### WHAT IS EXPECTED
Lines in the entries below where the word "Road" shows up should each be copied.

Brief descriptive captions
⟨

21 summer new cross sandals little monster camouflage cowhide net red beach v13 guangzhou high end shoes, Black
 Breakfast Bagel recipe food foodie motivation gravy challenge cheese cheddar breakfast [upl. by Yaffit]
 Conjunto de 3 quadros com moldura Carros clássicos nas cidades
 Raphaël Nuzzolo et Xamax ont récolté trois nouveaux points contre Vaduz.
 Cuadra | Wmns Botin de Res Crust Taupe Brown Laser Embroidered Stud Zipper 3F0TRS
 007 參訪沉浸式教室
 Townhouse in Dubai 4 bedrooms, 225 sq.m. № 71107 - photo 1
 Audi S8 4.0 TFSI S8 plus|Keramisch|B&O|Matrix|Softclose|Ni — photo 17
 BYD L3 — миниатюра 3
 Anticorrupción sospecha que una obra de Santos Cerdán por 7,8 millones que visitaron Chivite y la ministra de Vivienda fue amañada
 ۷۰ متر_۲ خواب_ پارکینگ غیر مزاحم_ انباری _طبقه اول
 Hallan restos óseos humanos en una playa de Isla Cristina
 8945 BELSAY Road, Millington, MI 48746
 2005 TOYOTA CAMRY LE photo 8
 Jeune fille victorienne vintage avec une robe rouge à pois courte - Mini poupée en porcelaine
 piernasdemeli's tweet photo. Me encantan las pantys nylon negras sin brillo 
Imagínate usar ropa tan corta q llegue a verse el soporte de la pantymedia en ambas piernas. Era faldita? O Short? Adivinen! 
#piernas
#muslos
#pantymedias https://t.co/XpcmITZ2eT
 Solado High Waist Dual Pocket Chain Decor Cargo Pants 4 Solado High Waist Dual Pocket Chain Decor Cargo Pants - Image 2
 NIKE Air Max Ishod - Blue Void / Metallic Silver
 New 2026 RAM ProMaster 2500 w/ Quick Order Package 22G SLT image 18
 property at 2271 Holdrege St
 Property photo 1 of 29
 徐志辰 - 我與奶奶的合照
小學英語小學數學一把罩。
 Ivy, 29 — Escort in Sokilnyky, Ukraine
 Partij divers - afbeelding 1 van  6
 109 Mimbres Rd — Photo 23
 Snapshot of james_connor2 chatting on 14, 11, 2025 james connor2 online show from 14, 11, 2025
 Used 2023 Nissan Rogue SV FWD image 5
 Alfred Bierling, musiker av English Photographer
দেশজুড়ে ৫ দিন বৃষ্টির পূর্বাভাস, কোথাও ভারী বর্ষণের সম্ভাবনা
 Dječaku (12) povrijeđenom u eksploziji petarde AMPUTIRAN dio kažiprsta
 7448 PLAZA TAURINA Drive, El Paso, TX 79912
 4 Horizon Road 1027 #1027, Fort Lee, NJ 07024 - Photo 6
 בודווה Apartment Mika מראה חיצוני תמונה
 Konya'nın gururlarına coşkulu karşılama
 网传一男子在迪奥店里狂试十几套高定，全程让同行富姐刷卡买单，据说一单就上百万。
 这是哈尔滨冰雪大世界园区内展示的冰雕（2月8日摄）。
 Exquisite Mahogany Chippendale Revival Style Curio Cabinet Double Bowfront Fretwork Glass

⟩

### ANSWER BOX
 8945 BELSAY Road, Millington, MI 48746
 4 Horizon Road 1027 #1027, Fort Lee, NJ 07024 - Photo 6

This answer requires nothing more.